* WHAT IS EXPECTED
Whatever pictures the entries hold, omit them, and output exactly the lines from the one containing "Бокалы и стакан" through the final line.

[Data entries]
◇ ◇ ◇

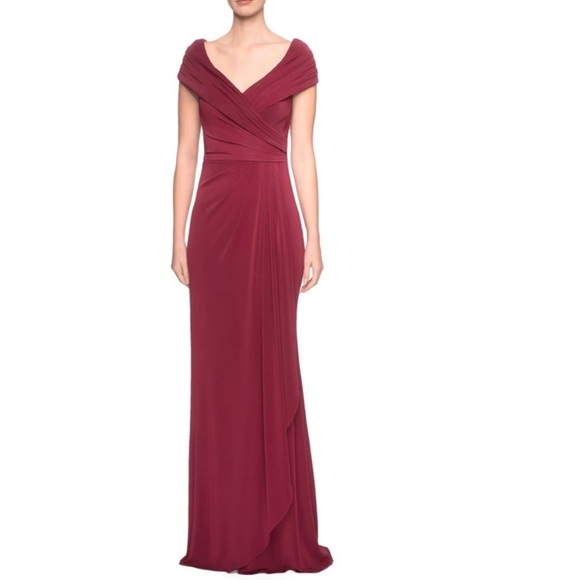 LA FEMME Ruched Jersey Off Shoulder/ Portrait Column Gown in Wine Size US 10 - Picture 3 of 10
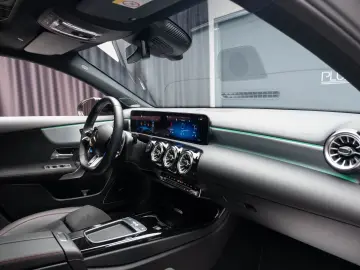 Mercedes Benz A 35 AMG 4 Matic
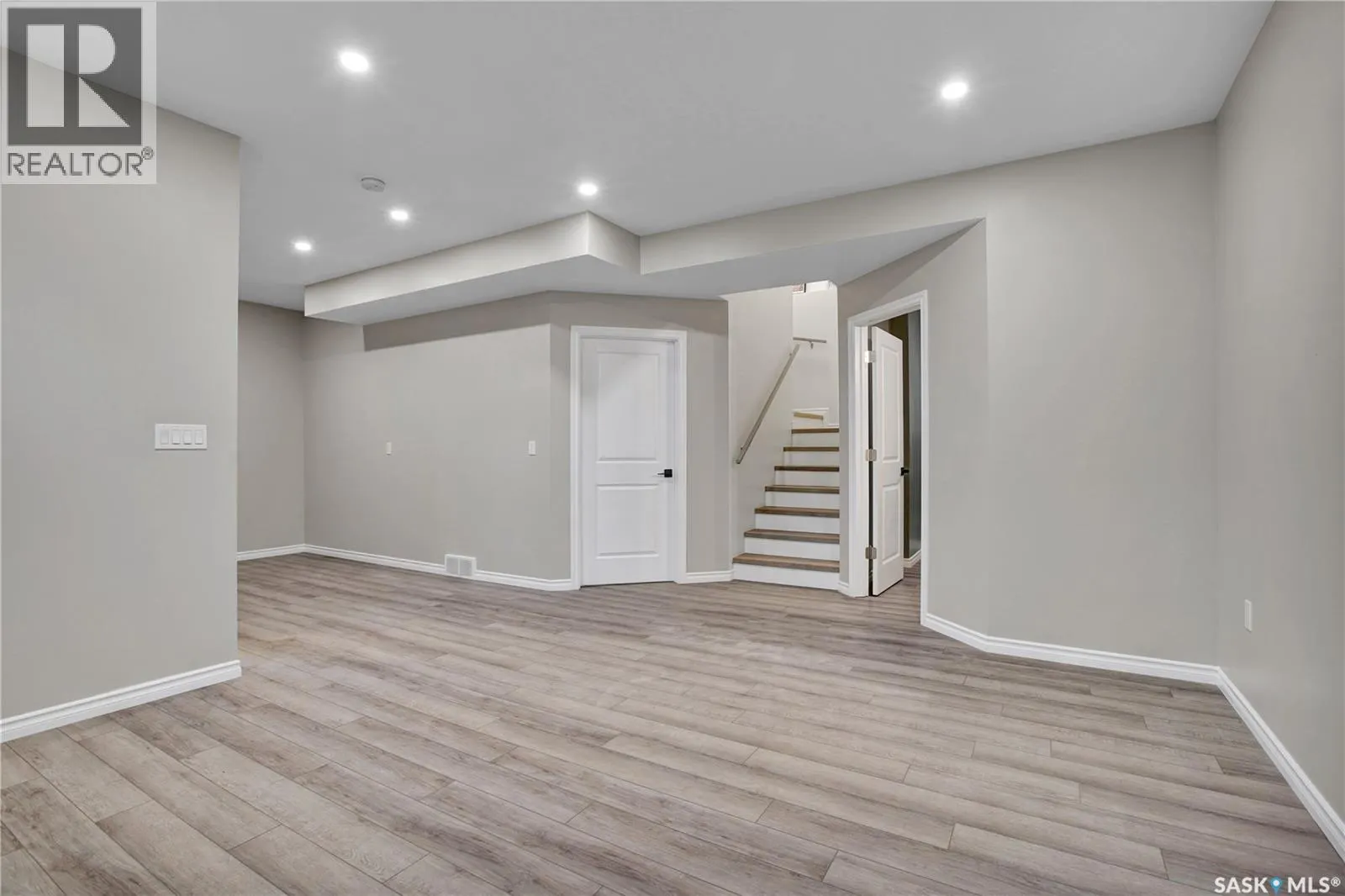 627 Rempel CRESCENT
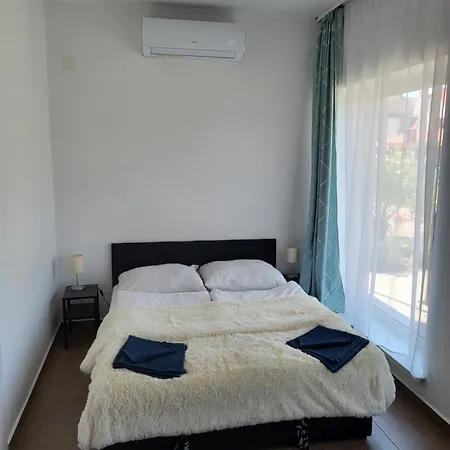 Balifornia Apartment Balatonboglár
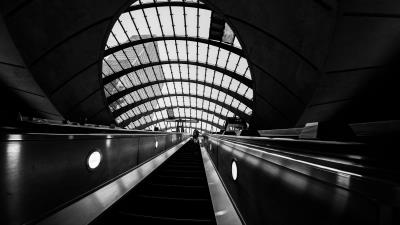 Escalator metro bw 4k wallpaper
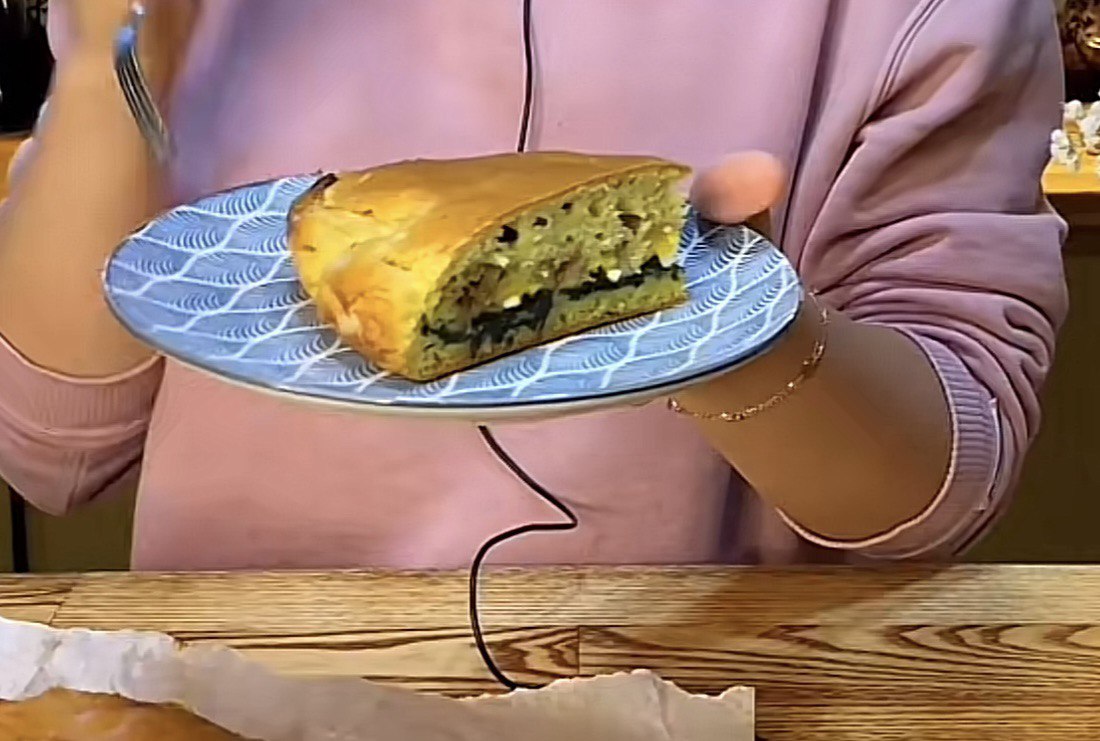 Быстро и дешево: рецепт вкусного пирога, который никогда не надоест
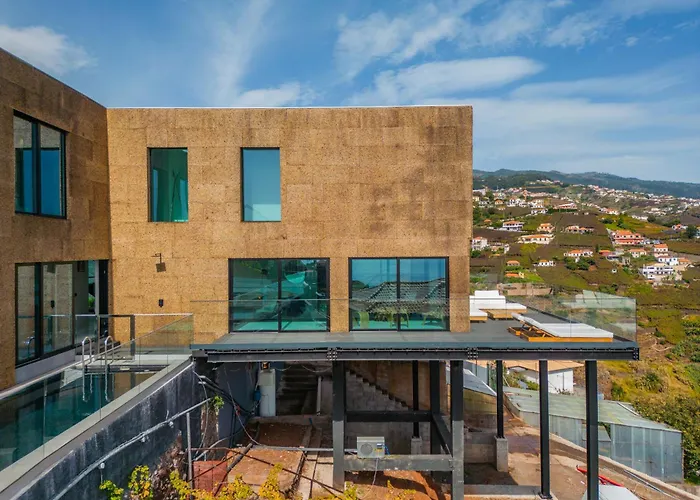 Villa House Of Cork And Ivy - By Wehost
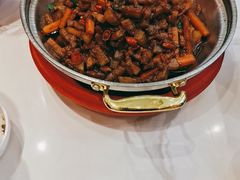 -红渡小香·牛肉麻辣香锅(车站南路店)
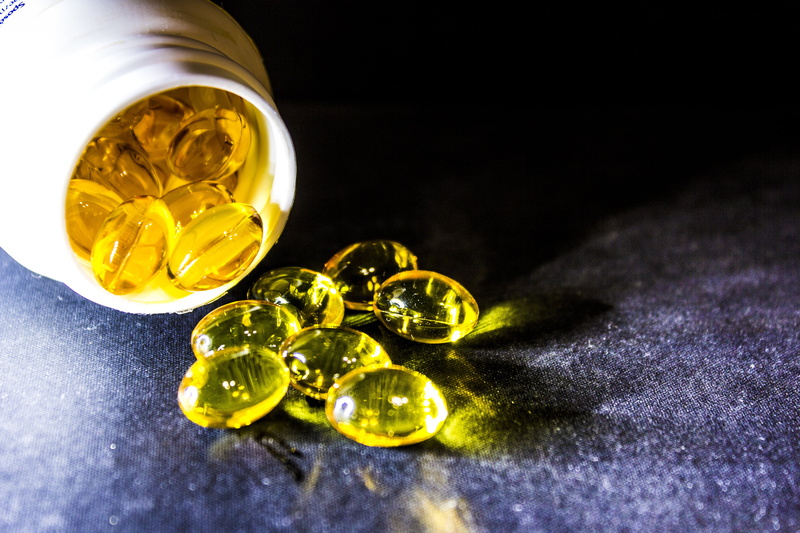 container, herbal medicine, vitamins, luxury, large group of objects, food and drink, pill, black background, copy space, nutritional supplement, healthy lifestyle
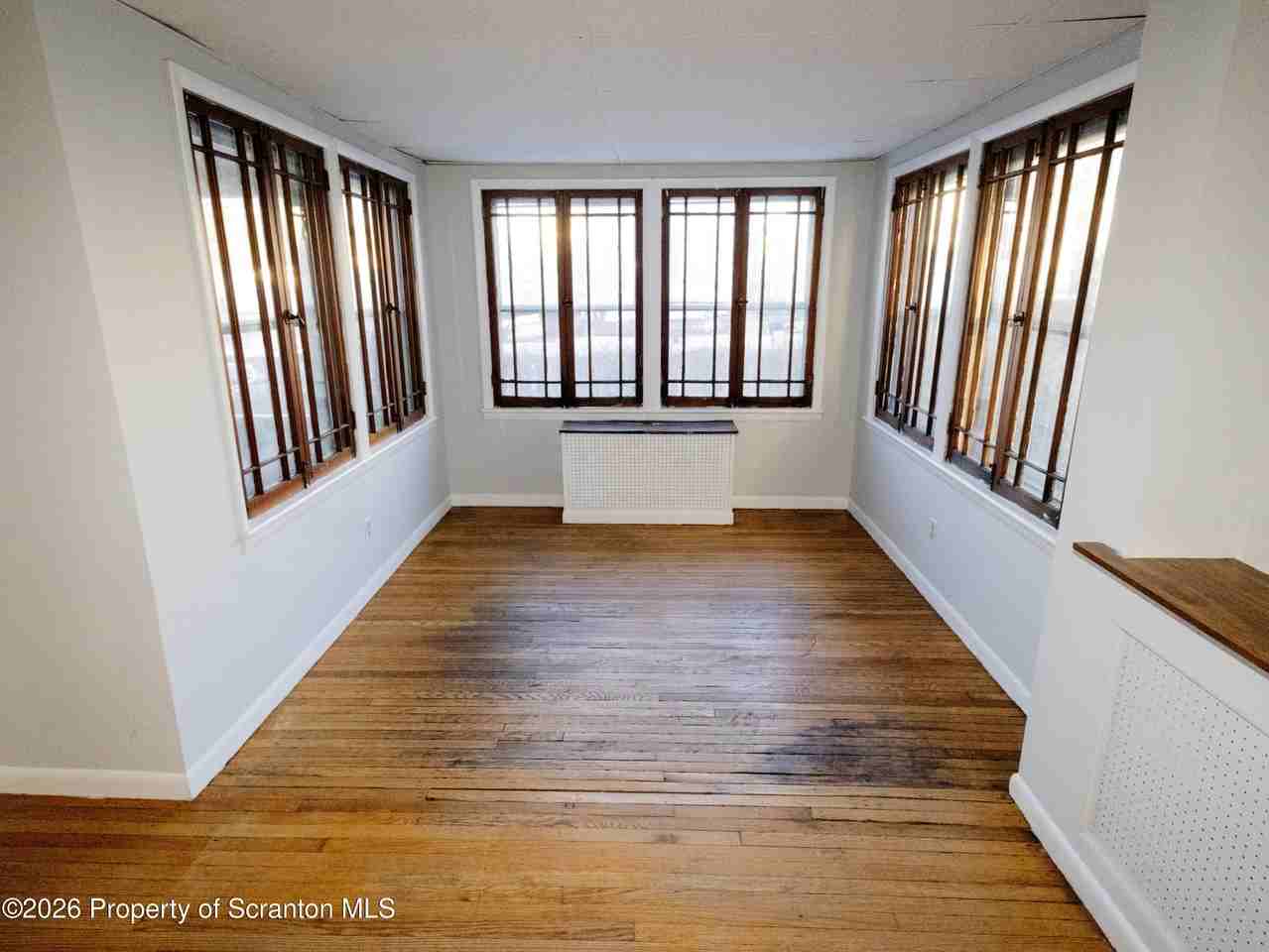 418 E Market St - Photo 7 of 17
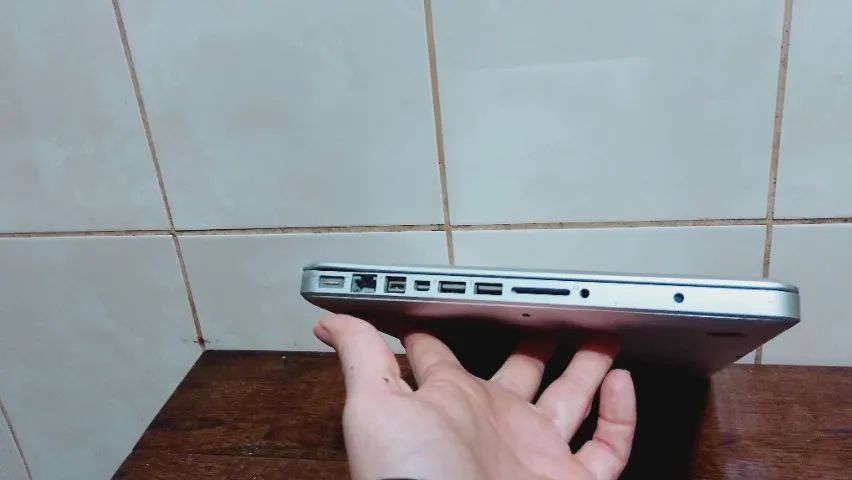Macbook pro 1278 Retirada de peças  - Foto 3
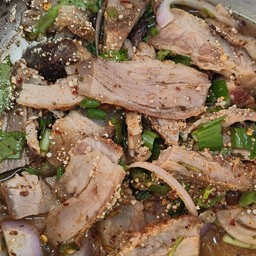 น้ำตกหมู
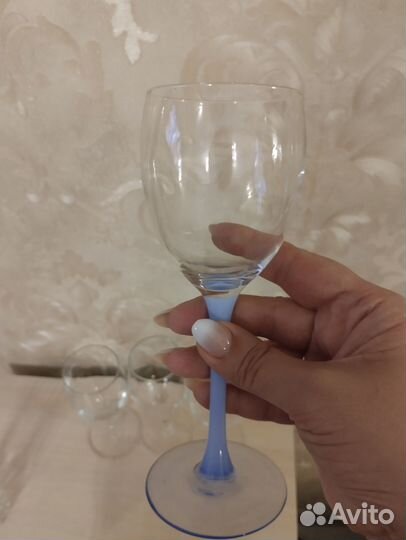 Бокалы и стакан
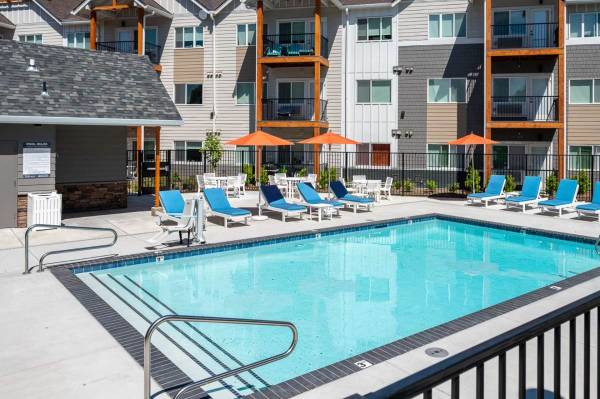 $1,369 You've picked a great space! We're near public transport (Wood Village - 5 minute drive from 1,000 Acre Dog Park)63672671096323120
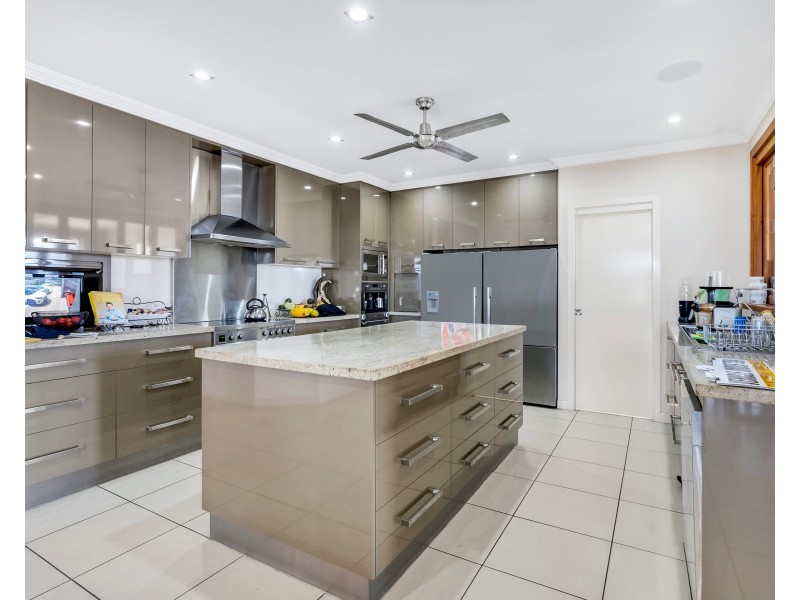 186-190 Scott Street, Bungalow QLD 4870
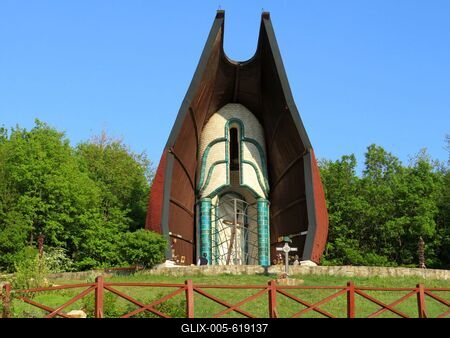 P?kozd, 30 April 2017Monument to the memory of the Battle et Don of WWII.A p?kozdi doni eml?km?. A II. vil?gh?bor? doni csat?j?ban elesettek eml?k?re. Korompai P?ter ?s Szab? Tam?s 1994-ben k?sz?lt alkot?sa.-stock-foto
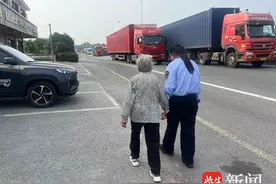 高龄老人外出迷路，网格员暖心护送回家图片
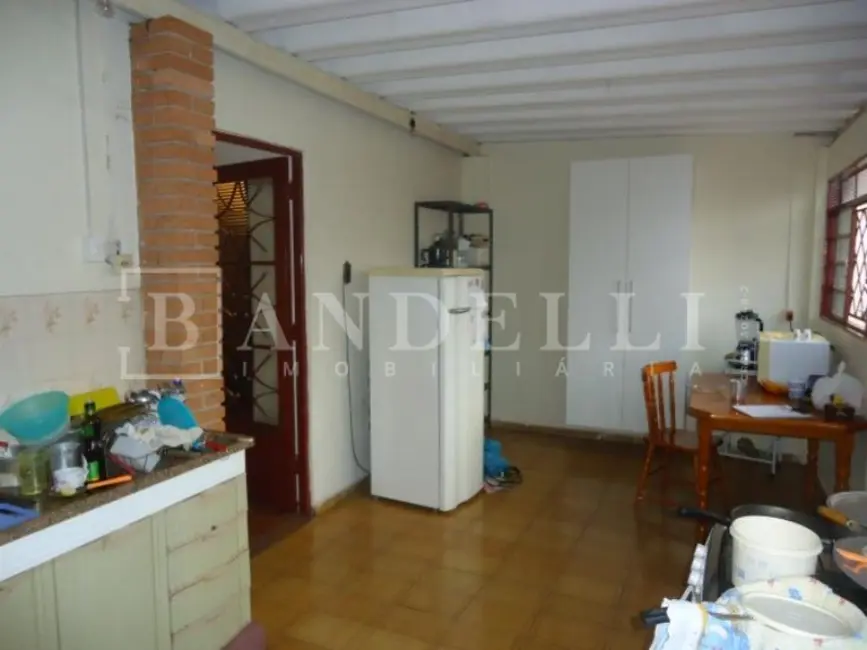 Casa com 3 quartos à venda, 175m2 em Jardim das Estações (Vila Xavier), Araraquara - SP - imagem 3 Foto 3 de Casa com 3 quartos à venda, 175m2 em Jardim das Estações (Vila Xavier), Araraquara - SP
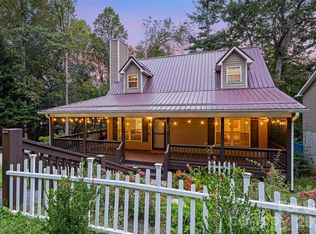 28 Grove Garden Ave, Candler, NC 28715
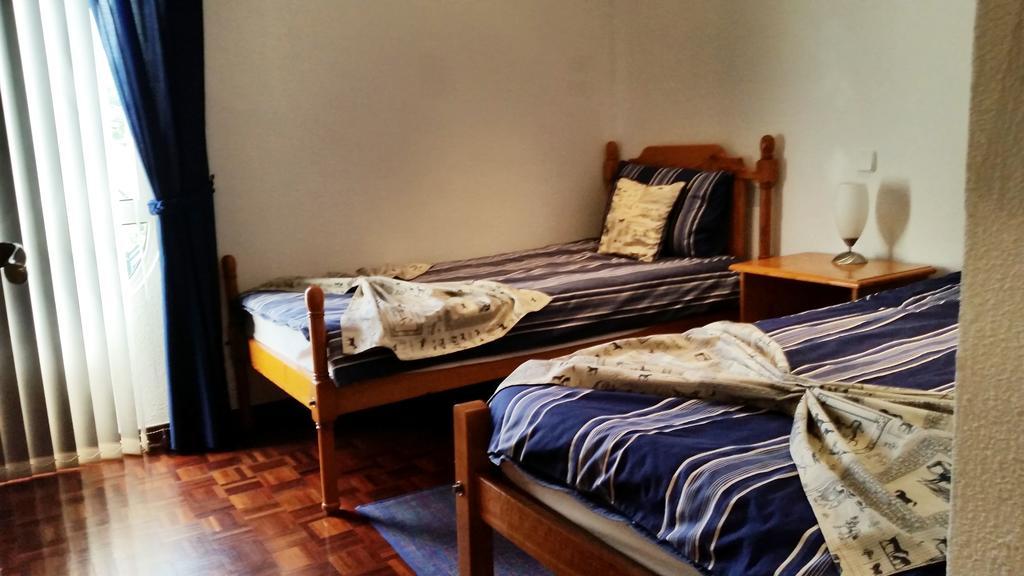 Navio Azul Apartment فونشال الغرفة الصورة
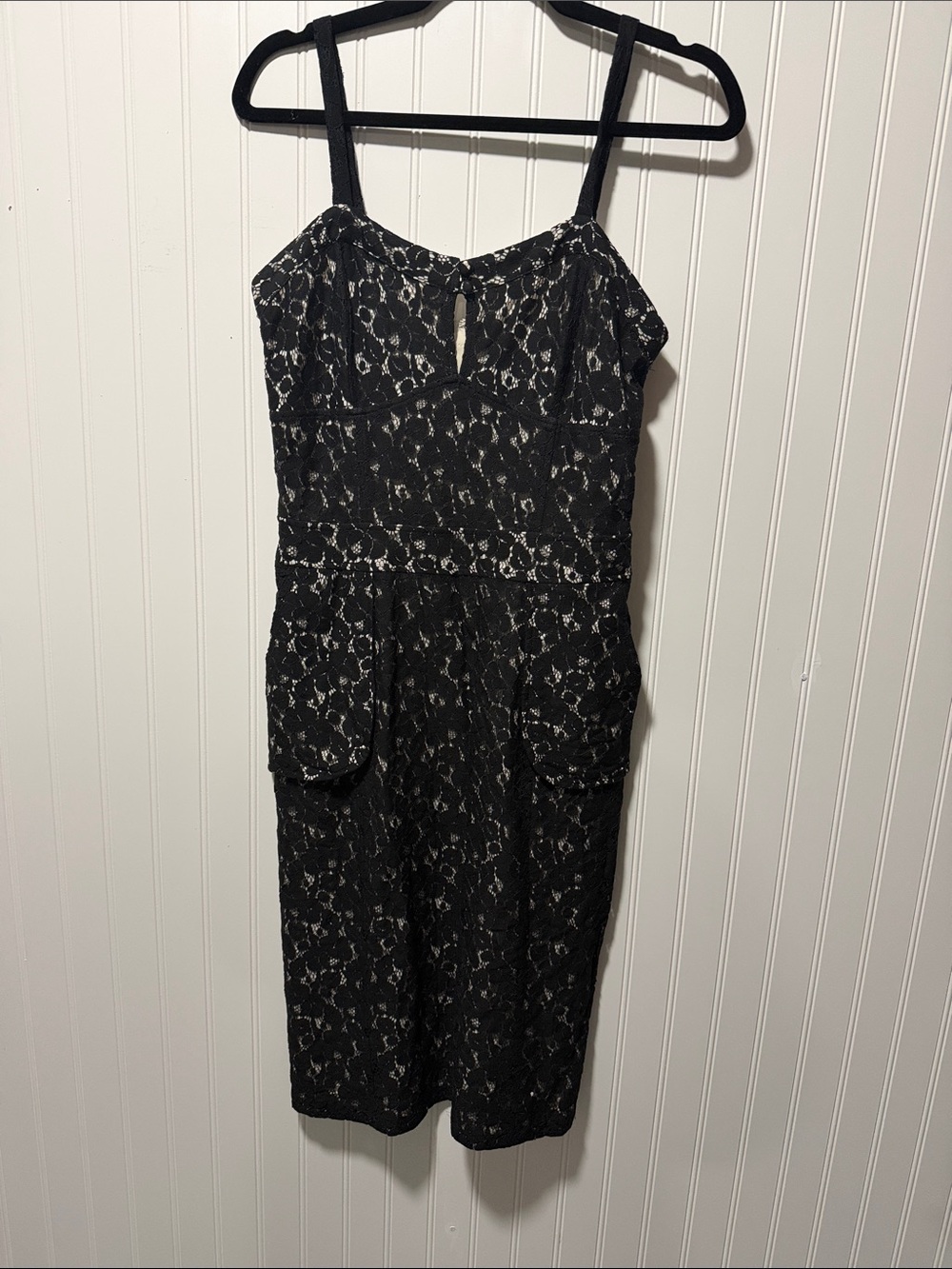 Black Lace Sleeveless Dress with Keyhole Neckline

◇ ◇ ◇

* SOLUTION TO THE EXERCISE
 Бокалы и стакан
 $1,369 You've picked a great space! We're near public transport (Wood Village - 5 minute drive from 1,000 Acre Dog Park)63672671096323120
 186-190 Scott Street, Bungalow QLD 4870
 P?kozd, 30 April 2017Monument to the memory of the Battle et Don of WWII.A p?kozdi doni eml?km?. A II. vil?gh?bor? doni csat?j?ban elesettek eml?k?re. Korompai P?ter ?s Szab? Tam?s 1994-ben k?sz?lt alkot?sa.-stock-foto
 高龄老人外出迷路，网格员暖心护送回家图片
 Casa com 3 quartos à venda, 175m2 em Jardim das Estações (Vila Xavier), Araraquara - SP - imagem 3 Foto 3 de Casa com 3 quartos à venda, 175m2 em Jardim das Estações (Vila Xavier), Araraquara - SP
 28 Grove Garden Ave, Candler, NC 28715
 Navio Azul Apartment فونشال الغرفة الصورة
 Black Lace Sleeveless Dress with Keyhole Neckline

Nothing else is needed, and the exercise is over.